AL.,1995]. Cette procédure est d’autant plus facile que les logiciels informatiques et les instructions de reprogrammation des téléphones portables sont disponibles sur le réseau informatique Internet

4 infra : 2.3.8. Influence du locuteur

[GAURA, 1994 IN : NATARAJAN ET AL.,1995]. Comme contre-mesure, NATARAJAN mentionne la mise en place de systèmes sommaires d’identification de locuteurs capables de détecter la présence d’une voix inhabituelle, mais l’efficacité de cette méthode n’est pas connue [NATARAJAN ET AL.,

1995].

La sécurité devrait être améliorée par la technologie de cryptage numérique et par celle qui consiste à modifier les codes d’identification à chaque appel (tumbling). Par contre, ces mesures devraient rendre très difficile, voire impossible, l’écoute téléphonique de communications et l’identification d’appareils équipés de ce système [DE MARIA, 1994].

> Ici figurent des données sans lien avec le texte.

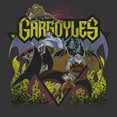 thumbnail image 2 of Men's Gargoyles Distressed Group Shot Graphic T-Shirt, 2 of 3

Finalement, l’arrivée sur le marché d’appareils téléphoniques portables dotés de méthodes cryptographiques robustes (strong encryption) du signal de parole rend obsolète l’art. 7 al. 2 de l’ordonnance sur le service de surveillance de la correspondance postale et des télécommunications du 1er décembre 1997 6. Celle-ci stipule que :

« les fournisseurs de service de télécommunication fournissent dans les meilleurs délais les relevés de service demandés et transmettent si possible en temps réel les communications de la personne surveillée. Ils suppriment les cryptages ».

Cette dernière phrase n'est pas satisfaisante, puisqu'elle n'est pas applicable dans les faits. En effet, c’est le constructeur du matériel qui est à l’origine de la mise à disposition de la technologie de cryptage et non le prestataire de services de télécommunication, et comme aucun moyen technique ne permet de supprimer ce cryptage, la surveillance téléphonique devient parfaitement impossible. Cette disposition risque même d'être contre-productive, en laissant croire aux autorités suisses chargées de la répression des infractions que les problèmes liés au décryptage et au déchiffrement des méthodes cryptographiques robustes sont maîtrisés et résolus, alors qu'il n'en est rien [MEUWLY, 1999].